• **Material for the task**:

..............................

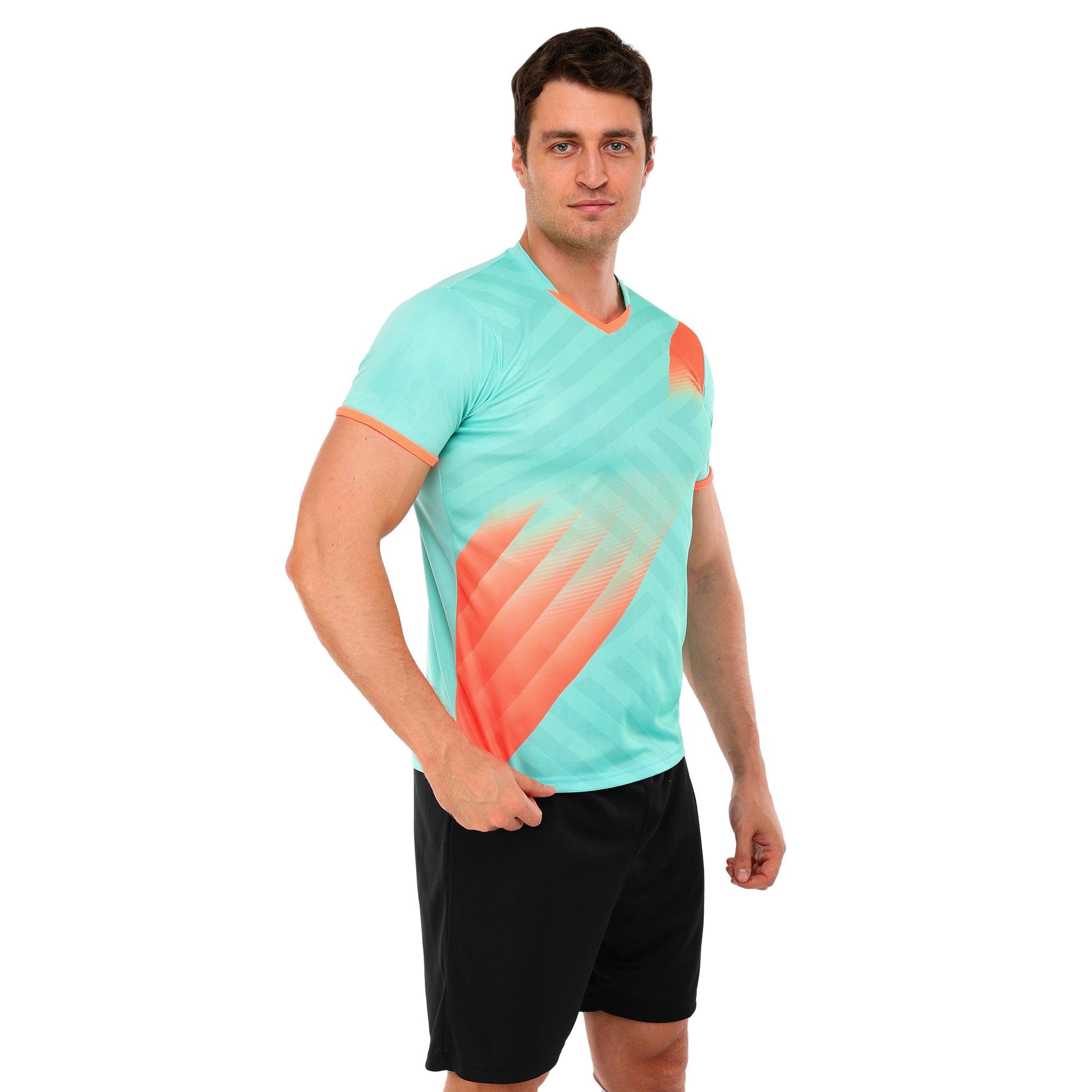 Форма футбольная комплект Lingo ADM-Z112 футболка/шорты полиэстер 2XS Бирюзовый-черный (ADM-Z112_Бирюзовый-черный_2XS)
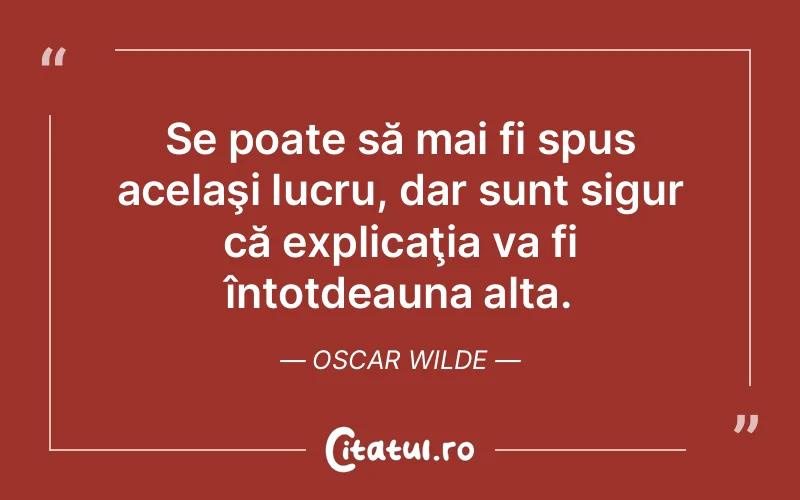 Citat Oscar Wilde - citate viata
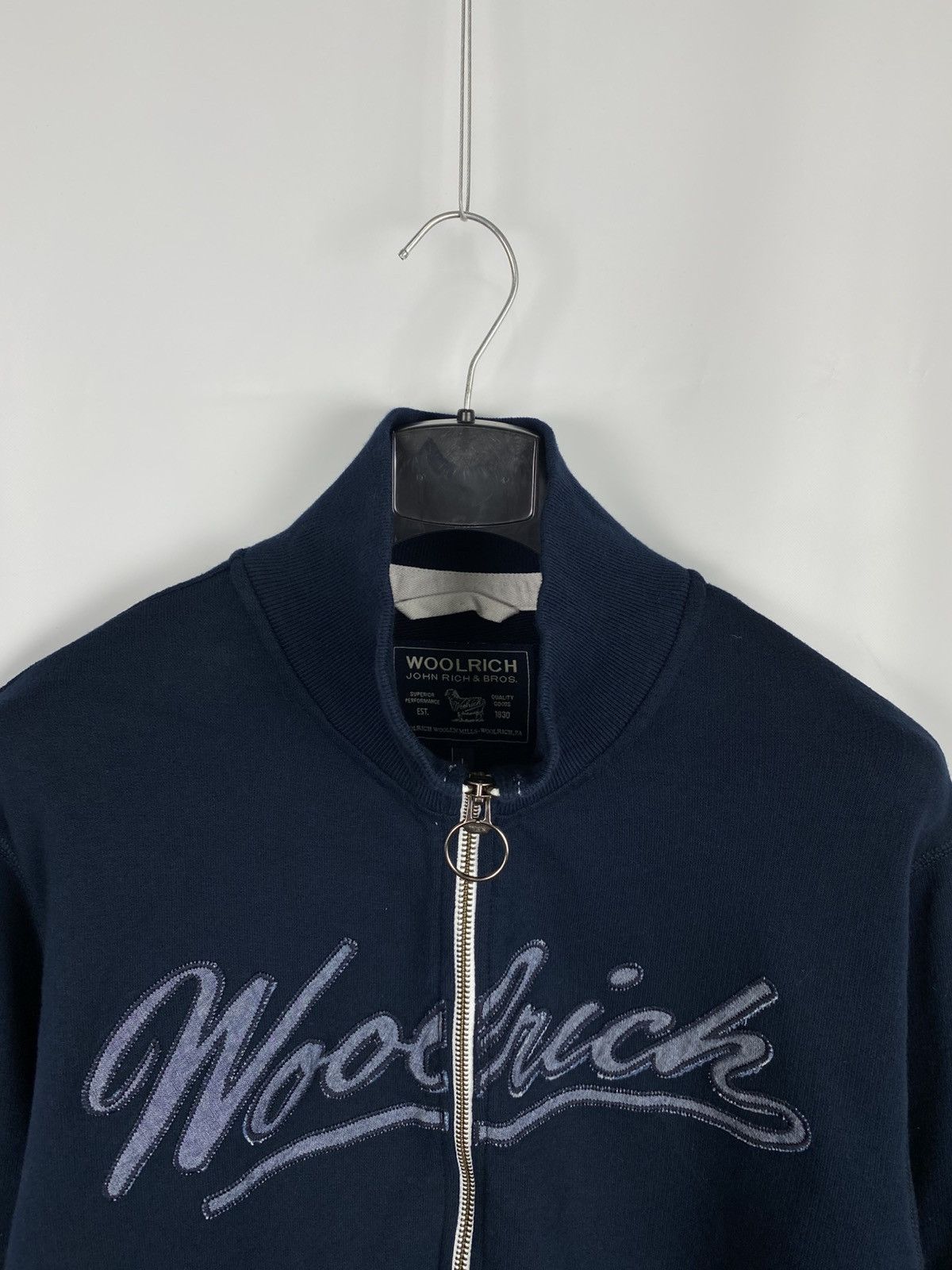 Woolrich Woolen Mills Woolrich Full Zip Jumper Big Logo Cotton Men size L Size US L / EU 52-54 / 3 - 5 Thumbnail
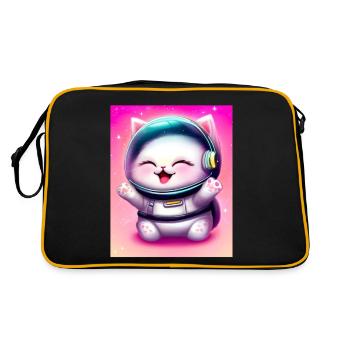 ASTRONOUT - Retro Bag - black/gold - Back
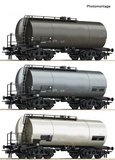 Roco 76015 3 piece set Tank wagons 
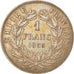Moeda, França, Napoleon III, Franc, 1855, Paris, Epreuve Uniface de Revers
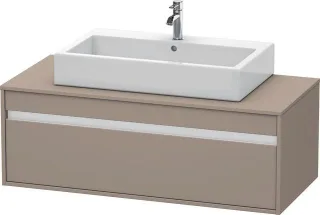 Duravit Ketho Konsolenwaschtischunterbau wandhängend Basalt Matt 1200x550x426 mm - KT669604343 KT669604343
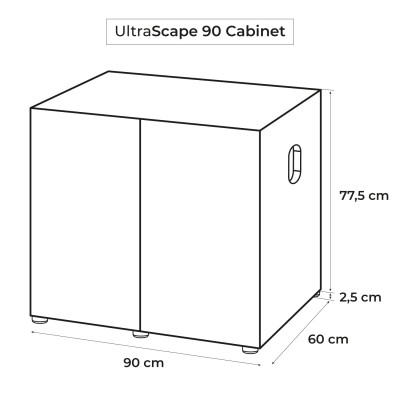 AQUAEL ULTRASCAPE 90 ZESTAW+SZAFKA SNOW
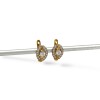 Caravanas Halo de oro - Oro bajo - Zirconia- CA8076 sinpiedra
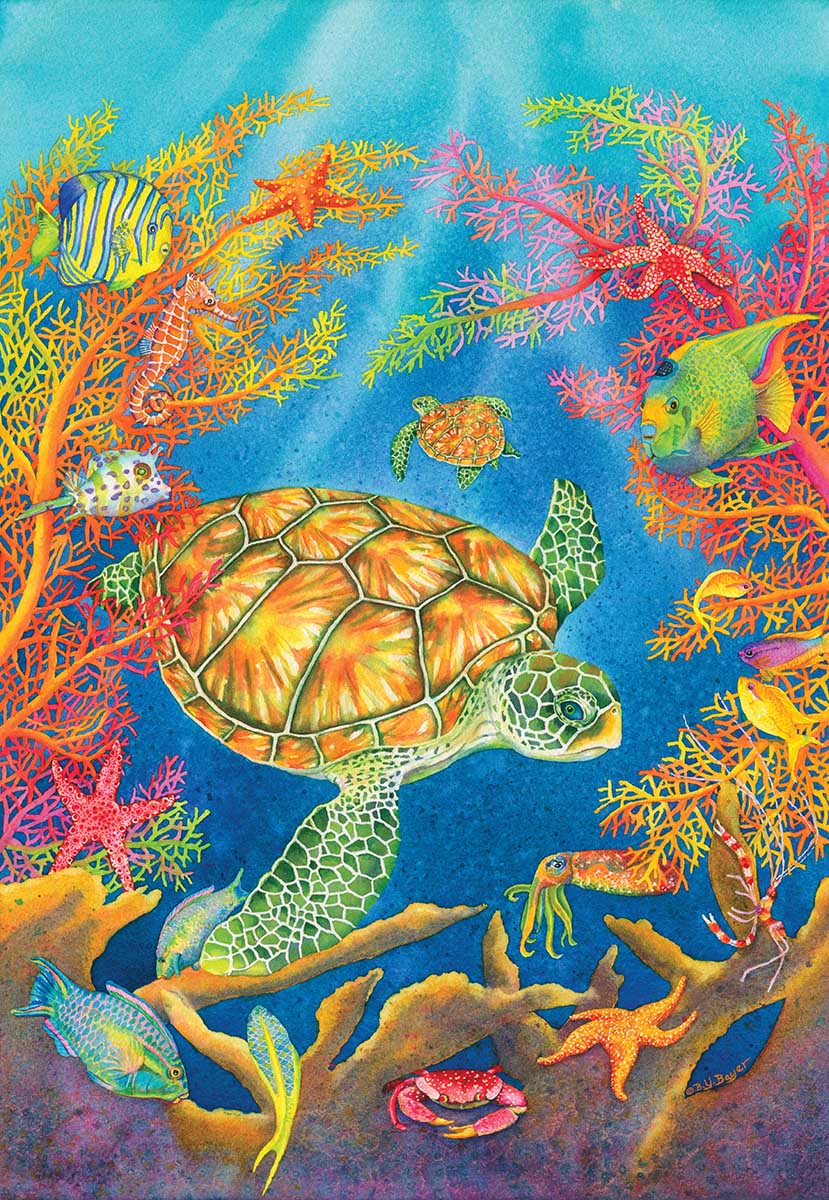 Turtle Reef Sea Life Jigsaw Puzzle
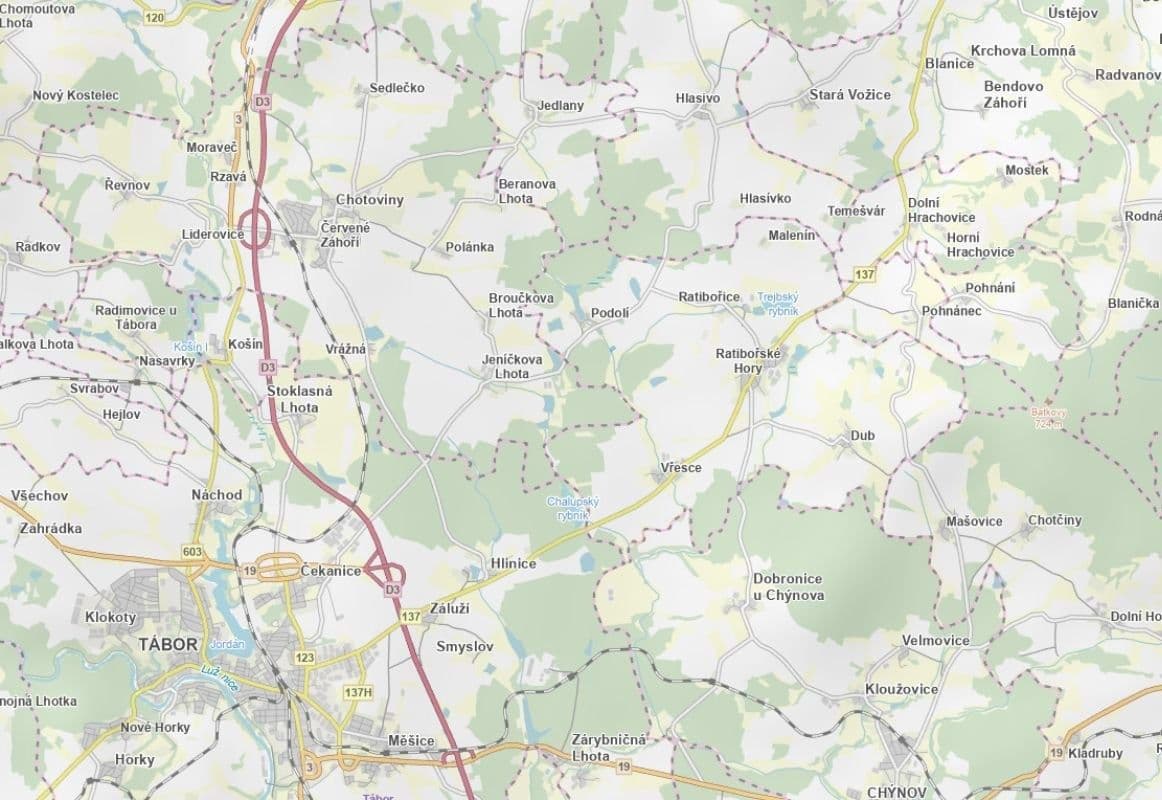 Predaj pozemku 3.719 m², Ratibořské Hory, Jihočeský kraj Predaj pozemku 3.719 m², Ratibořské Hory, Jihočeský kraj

..............................

• **Problem description**:
Only the text of the records belongs in the answer, printed exactly and without pictures.

• **Task result**:
 Форма футбольная комплект Lingo ADM-Z112 футболка/шорты полиэстер 2XS Бирюзовый-черный (ADM-Z112_Бирюзовый-черный_2XS)
 Citat Oscar Wilde - citate viata
 Woolrich Woolen Mills Woolrich Full Zip Jumper Big Logo Cotton Men size L Size US L / EU 52-54 / 3 - 5 Thumbnail
 ASTRONOUT - Retro Bag - black/gold - Back
 Roco 76015 3 piece set Tank wagons 
Moeda, França, Napoleon III, Franc, 1855, Paris, Epreuve Uniface de Revers
 Duravit Ketho Konsolenwaschtischunterbau wandhängend Basalt Matt 1200x550x426 mm - KT669604343 KT669604343
 AQUAEL ULTRASCAPE 90 ZESTAW+SZAFKA SNOW
 Caravanas Halo de oro - Oro bajo - Zirconia- CA8076 sinpiedra
 Turtle Reef Sea Life Jigsaw Puzzle
 Predaj pozemku 3.719 m², Ratibořské Hory, Jihočeský kraj Predaj pozemku 3.719 m², Ratibořské Hory, Jihočeský kraj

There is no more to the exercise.